Siento el corazón afligido por tantos de ustedes que están sufriendo a causa de los incendios forestales que están todavía ardiendo en las montañas y en los terrenos que bordean el mar. Estos son días de tribulación para nuestra gran ciudad y para la familia de Dios que vive aquí, en la Arquidiócesis de Los Ángeles.
Desde el primer momento en que se presentó la tormenta de fuego, ofrecí una serie de misas para orar por ustedes, por nuestros vecinos y por los valientes hombres y mujeres que están esmerándose en apagar estos incendios para mantenernos a salvo.
Experimenté una gran aflicción al encontrarme con aquellos de ustedes que han perdido tanto: a sus seres queridos y sus hogares, sus negocios y sus medios de vida; sus parroquias, sus escuelas y sus vecindarios. Me entristece profundamente el ver que hay miles de católicos en Los Ángeles y otros angelinos que están viviendo como refugiados y expatriados dentro de sus propias ciudades de origen.
Estamos apenas empezando a percibir la magnitud de la destrucción y del cataclismo. Estos incendios han reducido a cenizas tanto las posesiones materiales como los recuerdos más preciados de las personas, y han vuelto incierto su futuro. Las autoridades dicen que la reconstrucción puede llevar años y que es posible que muchas de nuestras comunidades nunca vuelvan a ser como antes.

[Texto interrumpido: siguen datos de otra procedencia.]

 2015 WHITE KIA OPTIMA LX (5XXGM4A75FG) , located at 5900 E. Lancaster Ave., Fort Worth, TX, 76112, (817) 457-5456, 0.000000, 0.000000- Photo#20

En tiempos como éste, es comprensible que podamos cuestionar el amor de Dios hacia nosotros, que nos preguntemos dónde está él cuando la gente buena está sufriendo. ¿Por qué Dios permite el mal?
¿Por qué permite que ocurran desastres naturales tales como los incendios forestales y los huracanes, como los terremotos y las inundaciones? No existen respuestas fáciles, pero eso no significa que no las haya.